▸ WORK REQUEST
After locating the line that contains "Homifab – Lot", output that line and each one following it, exactly, to the end of the entries. No pictures.
===== INPUT MATERIAL =====
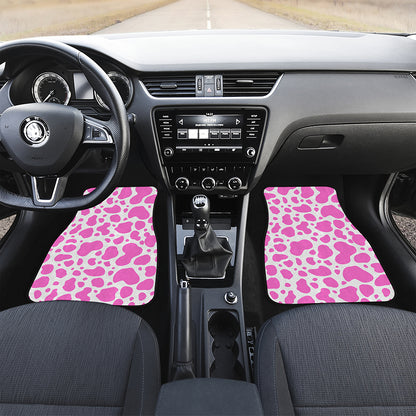 Pink And White Cow Print Front and Back Car Floor Mats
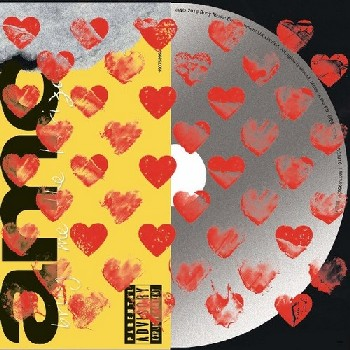 Albumcover mit Herzen und Text, eine CD mit Herzen darauf.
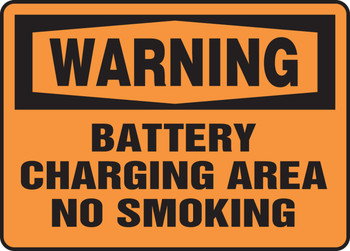OSHA Warning Safety Sign: Battery Charging Area - No Smoking 7" x 10" Accu-Shield 1/Each - MELC307XP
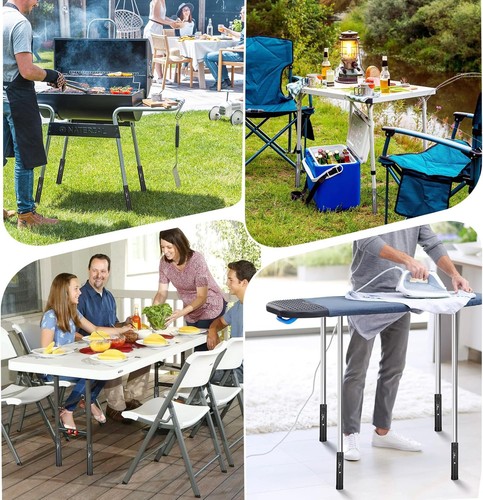 MAQUITA Folding Table Extenders, Highly Durable Steel Risers for Black  - Imagen 5 de 7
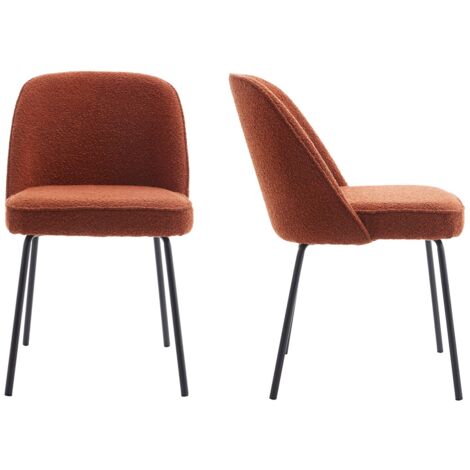 Homifab – Lot de 2 chaises de salle à manger en tissu bouclé rouille – Piètement métal noir – Assise 50 cm – Largeur 47,5 cm – Confort optimal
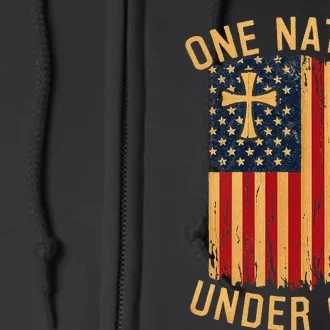 Under God Christian Patriotic Flag Full Zip Hoodie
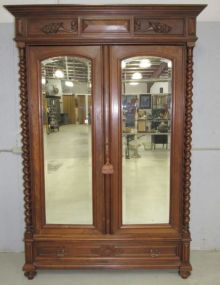 19th Century County French Carved Walnut Double Door Armoire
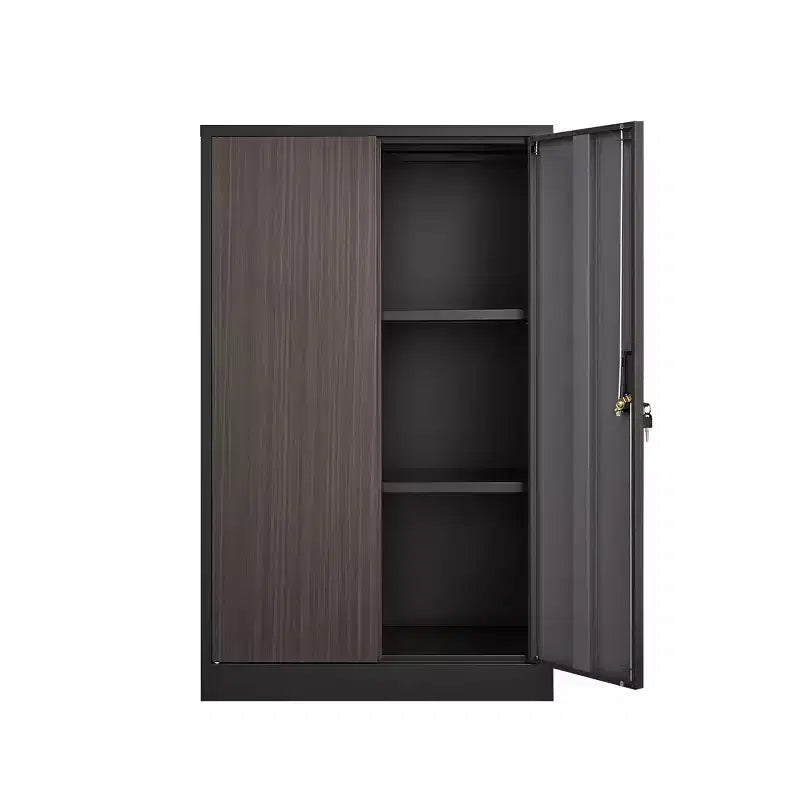 Armoire de rangement pliante en métal de 27,5 po avec portes verrouillables et étagères réglables, noir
=====
▸ YOUR RESPONSE
 Homifab – Lot de 2 chaises de salle à manger en tissu bouclé rouille – Piètement métal noir – Assise 50 cm – Largeur 47,5 cm – Confort optimal
 Under God Christian Patriotic Flag Full Zip Hoodie
 19th Century County French Carved Walnut Double Door Armoire
 Armoire de rangement pliante en métal de 27,5 po avec portes verrouillables et étagères réglables, noir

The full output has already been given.